Just over a year ago the British Prime Minister David Cameron, whose family has had tax haven interests for many years, tried to whitewash Britain’s Overseas Territories and Crown Dependencies with a statement saying:
“I do not think it is fair any longer to refer to any of the Overseas Territories or Crown Dependencies as tax havens.”
Which, as we pointed out in an identically-introduced blog a couple of weeks ago, was arrant nonsense. We had demonstrated it amply via our Financial Secrecy Index, and that was followed up by a scorecard this month from Global Witness and Christian Aid. The Clean-up has been, to use modern parlance, an Epic Fail.
“Fighting off last-minute overtures from the United Kingdom on the implementation of a public, centralized beneficial ownership registry for locally registered businesses and potentially trusts, Cayman Islands Premier Alden McLaughlin said Monday that the British Overseas Territories are standing united against such a move.”
This follows moves in Europe towards creating public registries. And of course there are influential private sector interests at play here:
“Cayman Islands Chamber of Commerce President Johann Moxam said Monday that he also expected the international “pressure” on the beneficial ownership issues to remain for some time, but said the Chamber congratulated Mr. McLaughlin and Mr. Panton’s government on their stance.
“We support the government’s position holding the line by not acquiescing to requests for the implementation of a public beneficial ownership registry, which would negatively impact the Cayman Islands and put our jurisdiction at a competitive disadvantage, particularly when none of our competitors or the big countries, the U.K., the U.S. and Canada have committed to such course of action and legislation,” Mr. Moxam said.”
Which is all, of course, rather predictable. And there is the “competitiveness” nonsense, again. What exactly, Mr. Moxam, is Cayman “competing” on here?
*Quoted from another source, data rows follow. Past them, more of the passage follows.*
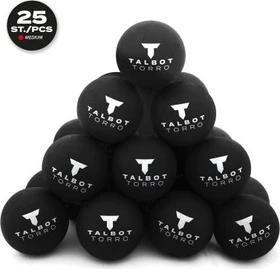 Talbot Torro Roter Punkt, Polybag Squashbälle mittelschnell, 25 Stück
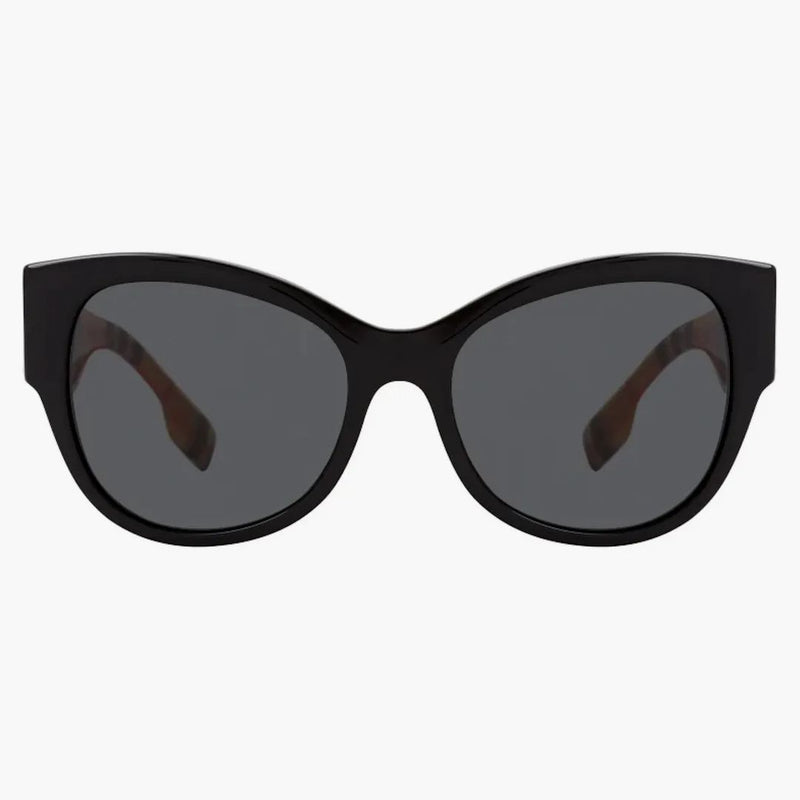 Burberry Occhiali da sole Farma farfalla Black Beige Vintage Controllo (40806111)
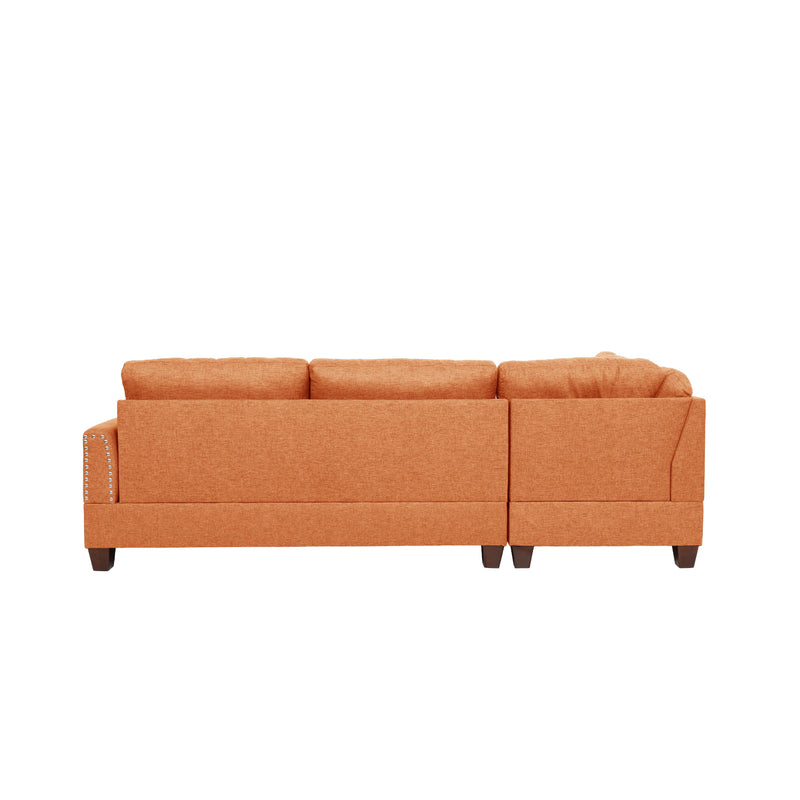 Poundex F6506 3pc Reversible Sectional Sofa Set with Ottoman IMAGE 5
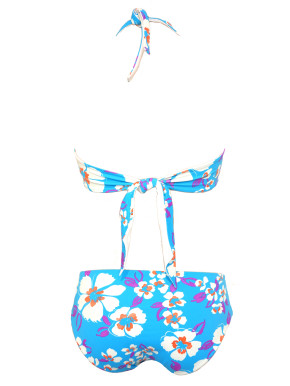 WASSERSTOFF 43 961 D Bikini Twisted True Love mit Wende-Top Hibiscus-Descrudado (80% Polyamid, 20% Elasthan) 40D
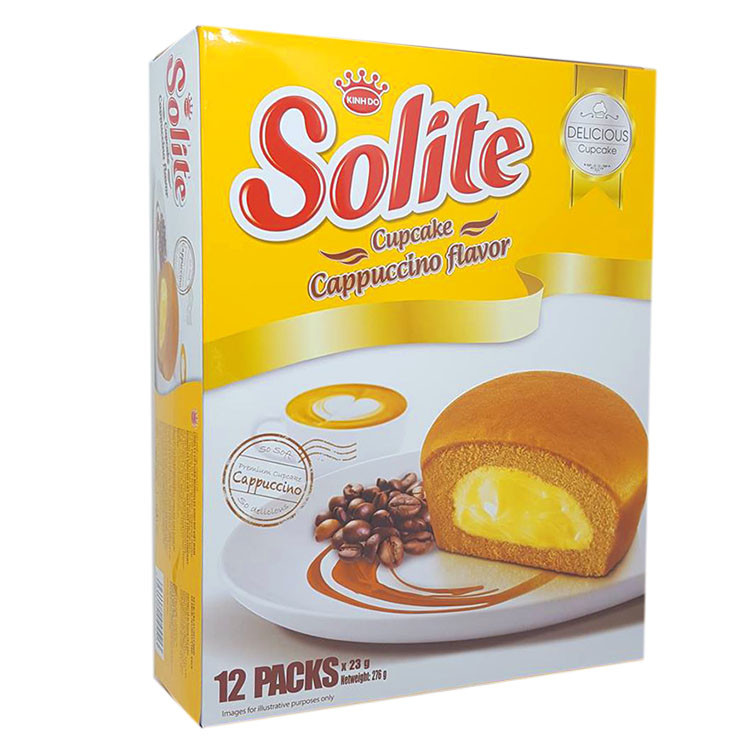 Bánh bông lan cupcake Solite vị capuchino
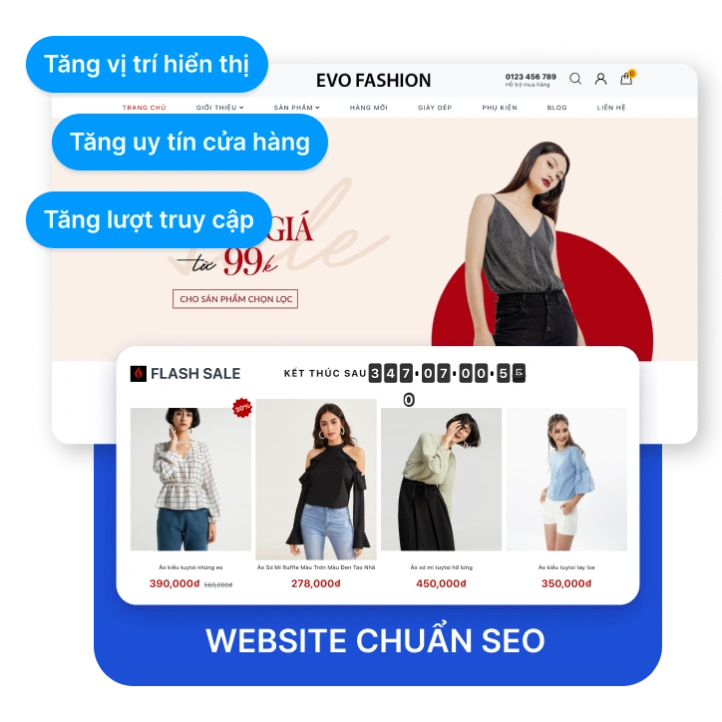 Website - Bán hàng dễ dàng trên website đa kênh.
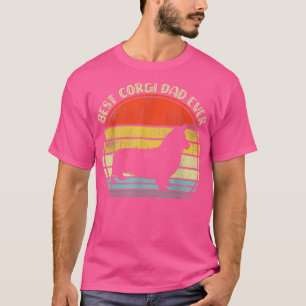 T-shirt Meilleur Corgi Papa jamais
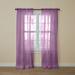 BH Studio Sheer Voile Rod-Pocket Panel Pair by BH Studio in Lavender (Size 120"W 84" L) Window Curtains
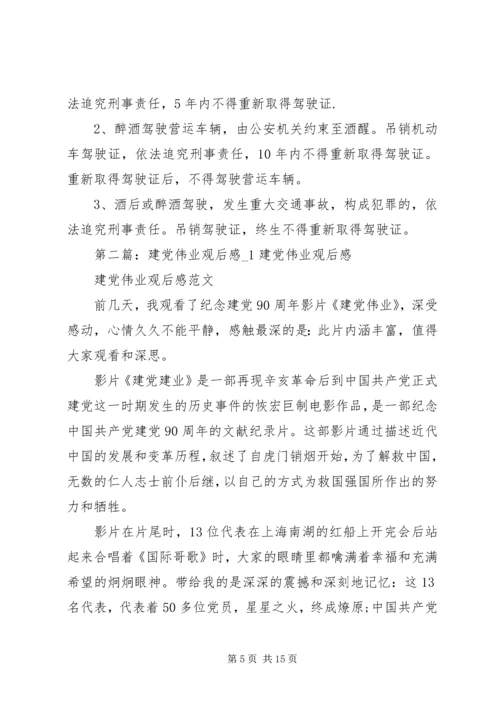 建党伟业观后感1.docx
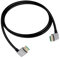 RIIEYOCA da maschio HDMI ad angolo retto di 90 gradi a maschio HDMI ad angolo retto di 90 gradi, cavo di 2.1 ad alta velocità a 48Gbps, supporto 8K@60Hz, ARC, 3D per DVR, HDTV（1M）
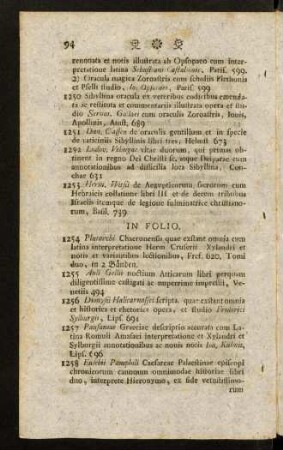 94-130, In Folio. In Octavo. In Dvodecimo. In Octavo.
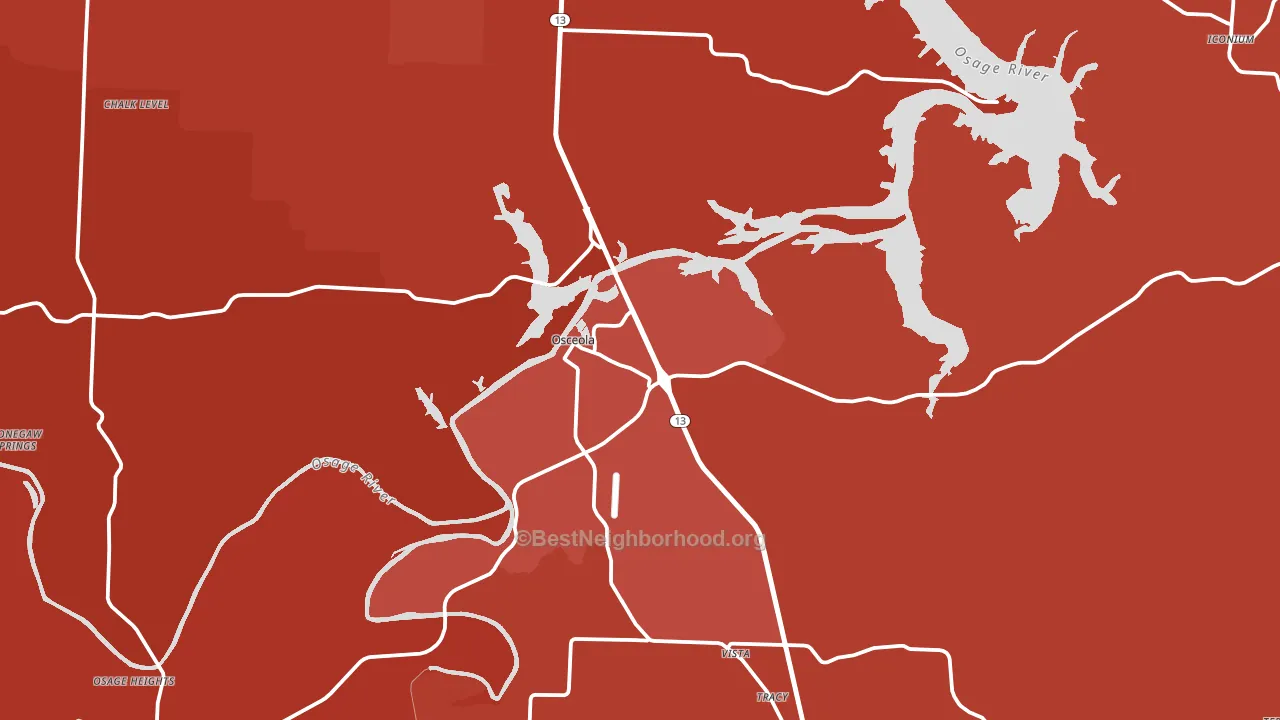 64776, MO block-group political-lean map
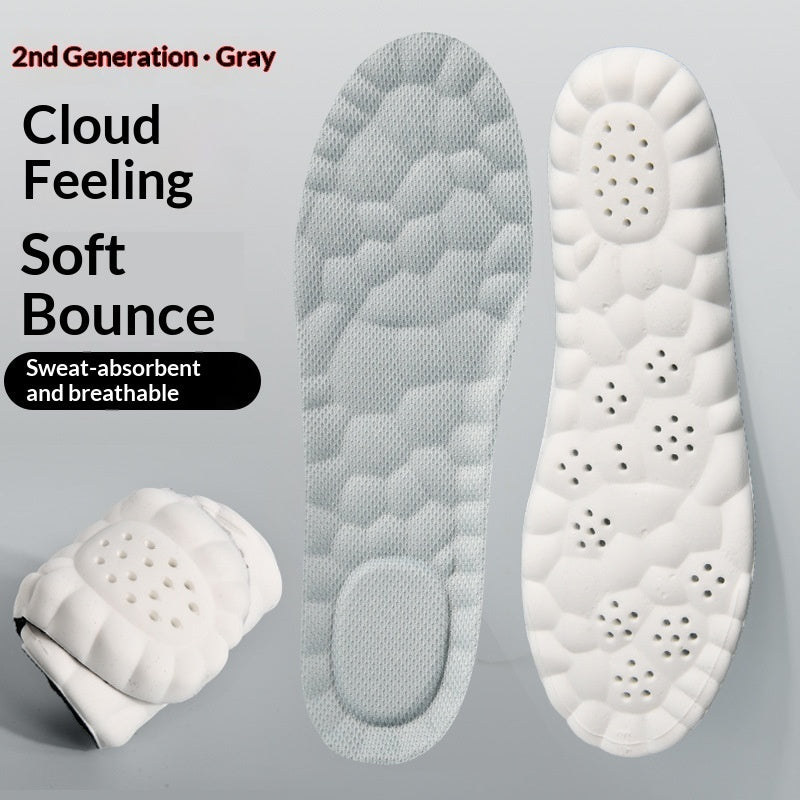 Poop-feel Odor-resistant Comfortable Breathable And Sweat-absorbing Insoles For Long Periods Of Standing And Sports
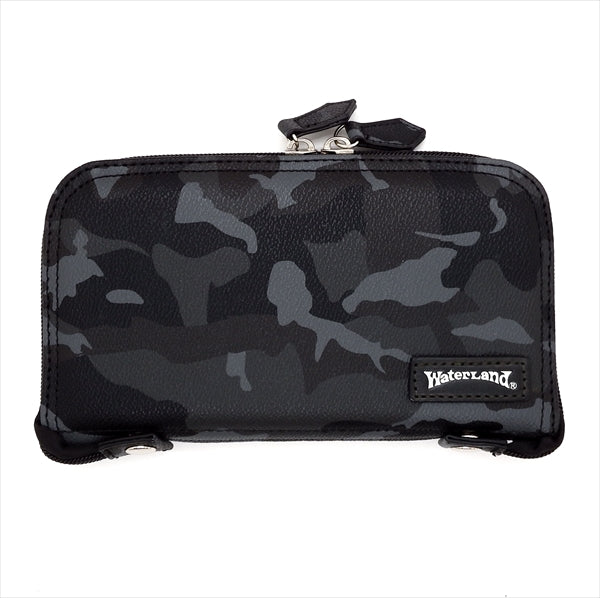 Waterland Lure Case WL/PU Spoon Wallet M Black Camo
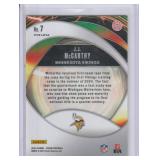 2024 JJ McCarthy Panini Prizm Portals Green Ice RC #7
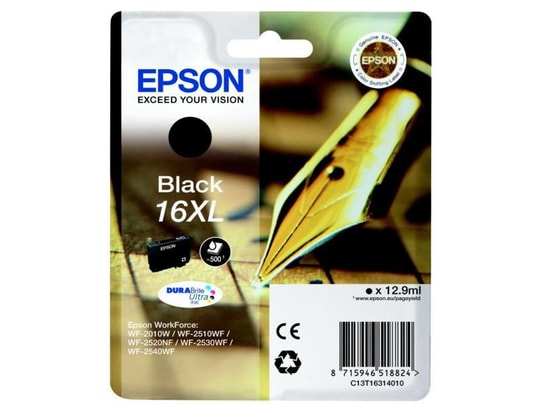 Pack De 8 Cartouches D'encre Compatibles Epson - Références 1631-1636 Et T1636, Couleur Cyan, Neuf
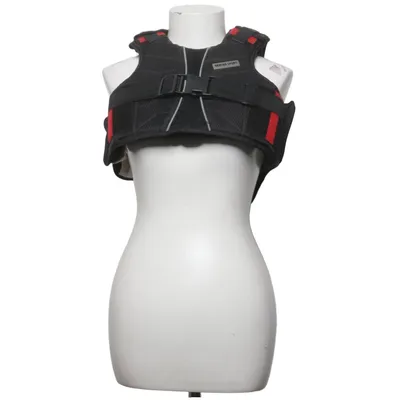 Horse riding vest (Black, Red) from Hansbo Sport
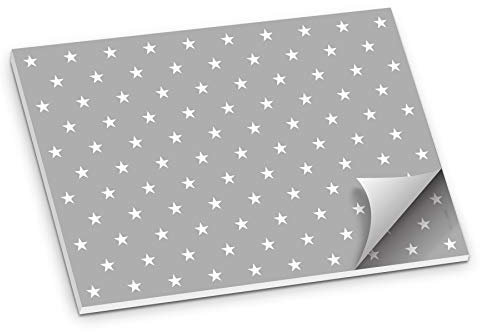 itenga Tischset Platzset Sterne aus Papier I DIN A3 50 Blatt I ideal als Gedeckunterlage an Weihnachten oder der Vorweihnachtszeit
Meanwhile, however, we also see blocking moves on these transparency issues from a strange collection of European states. From the EU Observer:
The anti-money laundering directive (AMLD) is entering the final stage of negotiations on Tuesday (16 December) in Brussels in so-called trialogue talks between MEPs, diplomats, and European Commission officials. It’s designed to clamp down on tax evasion and organised crime.
“The European Parliament wants national governments to set up a publicly accessible register on “beneficial ownership”. . . But a leaked compromise text, seen by this website, indicates that a blocking majority of member states is keen to maintain a veil of secrecy.
They don’t oppose creating the register. But they insist on restricting access to “competent authorities”, such as national Financial Intelligence Units (FIUs).
The commission’s proposal is to restrict access, but to let people who can demonstrate a “legitimate interest” – such as investigative journalists or NGOs – see the registry as well.
Tamira Gunzburg, the Brussels director of the One campaign – a pro-transparency pressure group – said Austria, Croatia, Denmark, France, Finland, Slovenia, Sweden, and the UK back public access.
But Germany, Poland, and Spain oppose it, while the commission doesn’t have a vote.”